Just how serious were these writers about the Christian purpose of their "verbal inventions"? Let's ask them. Lewis made no secret of his intentions. "Supposing," he once asked himself, reflecting on the nature of God, the sufferings of Christ, and other fundamental Christian truths, "that by casting all these things into an imaginary world, stripping them of their stained-glass and Sunday school associations, one could make them for the first time appear in their real potency. . . ." This, he said, is exactly what he was trying to do in The Chronicles of Narnia.

As for Tolkien, he would have been shocked and angered to hear Tom refer to his work as pagan. "The Lord of the Rings," he wrote in a letter to a friend, "is of course a fundamentally religious and Christian work; unconsciously so at first, but consciously in the revision."
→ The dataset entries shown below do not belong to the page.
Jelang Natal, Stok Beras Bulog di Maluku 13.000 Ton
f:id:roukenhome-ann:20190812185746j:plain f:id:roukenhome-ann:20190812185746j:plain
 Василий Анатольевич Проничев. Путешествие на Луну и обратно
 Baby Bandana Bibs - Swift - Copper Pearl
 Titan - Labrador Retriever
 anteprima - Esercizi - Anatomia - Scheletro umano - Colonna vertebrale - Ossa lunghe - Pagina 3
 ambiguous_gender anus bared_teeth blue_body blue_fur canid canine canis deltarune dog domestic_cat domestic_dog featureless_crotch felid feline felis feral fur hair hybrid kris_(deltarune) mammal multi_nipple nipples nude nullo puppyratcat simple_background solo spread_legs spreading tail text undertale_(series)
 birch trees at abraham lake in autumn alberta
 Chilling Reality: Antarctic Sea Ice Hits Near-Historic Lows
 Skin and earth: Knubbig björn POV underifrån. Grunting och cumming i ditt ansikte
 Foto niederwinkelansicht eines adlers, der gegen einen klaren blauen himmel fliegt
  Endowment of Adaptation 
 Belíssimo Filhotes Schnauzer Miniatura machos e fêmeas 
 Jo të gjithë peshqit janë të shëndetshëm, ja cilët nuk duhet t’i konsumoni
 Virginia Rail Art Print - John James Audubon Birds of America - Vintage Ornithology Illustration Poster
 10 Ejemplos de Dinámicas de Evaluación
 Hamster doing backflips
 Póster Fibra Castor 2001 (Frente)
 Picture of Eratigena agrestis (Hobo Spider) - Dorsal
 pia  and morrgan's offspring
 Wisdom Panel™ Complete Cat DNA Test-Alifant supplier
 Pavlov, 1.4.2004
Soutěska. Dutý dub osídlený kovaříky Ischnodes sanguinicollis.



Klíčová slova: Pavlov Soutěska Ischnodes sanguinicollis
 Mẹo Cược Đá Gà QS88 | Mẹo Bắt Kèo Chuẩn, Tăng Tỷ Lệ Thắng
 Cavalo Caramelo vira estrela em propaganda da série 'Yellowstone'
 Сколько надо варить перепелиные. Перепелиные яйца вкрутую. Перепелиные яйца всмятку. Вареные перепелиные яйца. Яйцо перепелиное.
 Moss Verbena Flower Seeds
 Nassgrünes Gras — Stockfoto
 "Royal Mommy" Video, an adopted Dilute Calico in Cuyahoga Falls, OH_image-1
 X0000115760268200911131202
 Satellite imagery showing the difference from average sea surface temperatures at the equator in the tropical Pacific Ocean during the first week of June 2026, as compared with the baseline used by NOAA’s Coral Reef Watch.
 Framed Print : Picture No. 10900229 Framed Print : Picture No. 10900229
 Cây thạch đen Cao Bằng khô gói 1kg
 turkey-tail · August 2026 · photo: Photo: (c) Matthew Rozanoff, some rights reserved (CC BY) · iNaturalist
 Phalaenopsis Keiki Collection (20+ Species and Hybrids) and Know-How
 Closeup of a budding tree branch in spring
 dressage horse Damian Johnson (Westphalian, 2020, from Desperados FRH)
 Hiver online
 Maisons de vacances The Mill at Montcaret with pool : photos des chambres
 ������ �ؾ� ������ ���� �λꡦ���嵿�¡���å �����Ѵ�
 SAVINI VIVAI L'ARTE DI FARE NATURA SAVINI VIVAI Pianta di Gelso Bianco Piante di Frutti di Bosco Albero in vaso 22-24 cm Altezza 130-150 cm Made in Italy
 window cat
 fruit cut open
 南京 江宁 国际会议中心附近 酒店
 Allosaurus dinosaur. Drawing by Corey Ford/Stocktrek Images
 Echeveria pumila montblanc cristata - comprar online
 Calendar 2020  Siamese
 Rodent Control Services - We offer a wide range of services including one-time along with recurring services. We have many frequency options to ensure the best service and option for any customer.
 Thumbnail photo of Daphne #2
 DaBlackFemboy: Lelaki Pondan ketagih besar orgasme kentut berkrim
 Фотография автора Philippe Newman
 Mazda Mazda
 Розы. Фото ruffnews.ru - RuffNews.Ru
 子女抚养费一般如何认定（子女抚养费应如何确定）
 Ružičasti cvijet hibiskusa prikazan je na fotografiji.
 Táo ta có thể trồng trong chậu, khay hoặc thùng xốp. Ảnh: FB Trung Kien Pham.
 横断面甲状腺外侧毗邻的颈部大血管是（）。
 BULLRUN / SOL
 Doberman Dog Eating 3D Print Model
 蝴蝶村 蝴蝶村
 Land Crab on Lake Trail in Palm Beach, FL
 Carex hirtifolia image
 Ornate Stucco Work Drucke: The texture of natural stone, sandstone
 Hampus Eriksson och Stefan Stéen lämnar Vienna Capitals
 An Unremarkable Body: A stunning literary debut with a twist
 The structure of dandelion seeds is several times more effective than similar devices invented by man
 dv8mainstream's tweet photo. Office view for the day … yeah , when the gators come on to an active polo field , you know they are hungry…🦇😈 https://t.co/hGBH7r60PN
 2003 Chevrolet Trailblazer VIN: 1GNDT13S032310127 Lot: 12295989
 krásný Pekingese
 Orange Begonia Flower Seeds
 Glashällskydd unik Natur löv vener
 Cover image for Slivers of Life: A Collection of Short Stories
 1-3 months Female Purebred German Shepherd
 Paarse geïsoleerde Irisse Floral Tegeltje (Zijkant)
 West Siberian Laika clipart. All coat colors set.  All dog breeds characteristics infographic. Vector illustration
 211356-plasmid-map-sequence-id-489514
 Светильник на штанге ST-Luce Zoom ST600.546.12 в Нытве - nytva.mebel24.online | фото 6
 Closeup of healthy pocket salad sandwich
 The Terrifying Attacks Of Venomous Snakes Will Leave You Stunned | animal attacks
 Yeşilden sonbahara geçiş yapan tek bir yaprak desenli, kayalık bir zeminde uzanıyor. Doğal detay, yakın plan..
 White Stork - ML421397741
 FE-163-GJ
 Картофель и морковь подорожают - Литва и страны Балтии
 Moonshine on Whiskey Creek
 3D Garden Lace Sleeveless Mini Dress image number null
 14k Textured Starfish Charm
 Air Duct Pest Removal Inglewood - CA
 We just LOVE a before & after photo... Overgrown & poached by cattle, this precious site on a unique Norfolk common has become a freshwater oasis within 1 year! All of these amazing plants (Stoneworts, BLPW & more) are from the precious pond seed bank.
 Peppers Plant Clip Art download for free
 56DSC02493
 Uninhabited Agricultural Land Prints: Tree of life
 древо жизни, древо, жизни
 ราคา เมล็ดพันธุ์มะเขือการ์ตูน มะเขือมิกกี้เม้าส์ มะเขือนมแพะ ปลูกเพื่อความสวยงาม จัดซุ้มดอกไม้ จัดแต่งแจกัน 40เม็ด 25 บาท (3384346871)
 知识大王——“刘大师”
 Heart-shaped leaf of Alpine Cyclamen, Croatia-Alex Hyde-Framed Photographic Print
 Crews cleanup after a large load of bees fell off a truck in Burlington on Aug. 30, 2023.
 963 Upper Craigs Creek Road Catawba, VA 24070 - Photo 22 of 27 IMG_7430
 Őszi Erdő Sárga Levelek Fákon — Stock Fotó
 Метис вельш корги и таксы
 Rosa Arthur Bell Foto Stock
Humphrey Carpenter, author of Tolkien's authorized biography, takes this claim seriously. Tolkien's writings, he says, are "the work of a profoundly religious man." According to Carpenter, God is essential to everything that happens in The Lord of the Rings. Without Him, Middle-earth couldn't exist.

But be forewarned: Evidences of God's presence are not as obvious in Tolkien's work as in Lewis' more allegorical style of writing. They are there, however-firmly embedded in the tales he insisted on calling "inventions about Truth." In fact, if you know what to look for, you may find them popping up everywhere. Here are a few things to keep in mind as you set out on the quest.

"The Story"

First, stay alert to the importance of story. The Lord of the Rings is actually a story of stories-a vast web of histories, legends, tales, and songs in which every character has a crucial role to play. "What a tale we have been in, Mr. Frodo, haven't we?" reflects Sam after a harrowing encounter with their enemies. As a Christian, Tolkien understood that we've been in a tale, too. Like the adventure of his hobbits, he saw the adventure of our lives as part of a story that begins "once upon a time" and moves toward its eventual "ever after"-a tale full of meaning and purpose, composed by the grandest Author of all.

The Power of Sin

You'll also want to keep an eye on Gollum, the pitiful, wretched creature who discovered the great Ring-his "Precious"-and kept it for many years in dark places under the earth. So long did he possess and cherish the sinister talisman that he has become the possessed. That's because Tolkien's Ring is an image of the unwholesome, perverting power of evil and self-serving sin-a progressive, growing, encroaching power that starts small and ends big. The apostle James described it like this: "Each one is tempted when, by his own evil desire, he is dragged away and enticed. Then, after desire has conceived, it gives birth to sin; and sin, when it is full-grown, gives birth to death" (James 1:14-15).

Good out of Evil

Notice, too, that Middle-earth is full of battles and conflicts-images of the spiritual war in which we are engaged as Christians: "For our struggle is not against flesh and blood, but against the rulers, against the authorities, against the powers of this dark world" (Ephesians 6:12). We're not talking generic good vs. evil here. The evil in Tolkien's universe is personal. It takes shape as an Enemy who relentlessly hounds and pursues his prey with ill intent: "Be self-controlled and alert. Your enemy the devil prowls around like a roaring lion looking for someone to devour" (1 Peter 5:8).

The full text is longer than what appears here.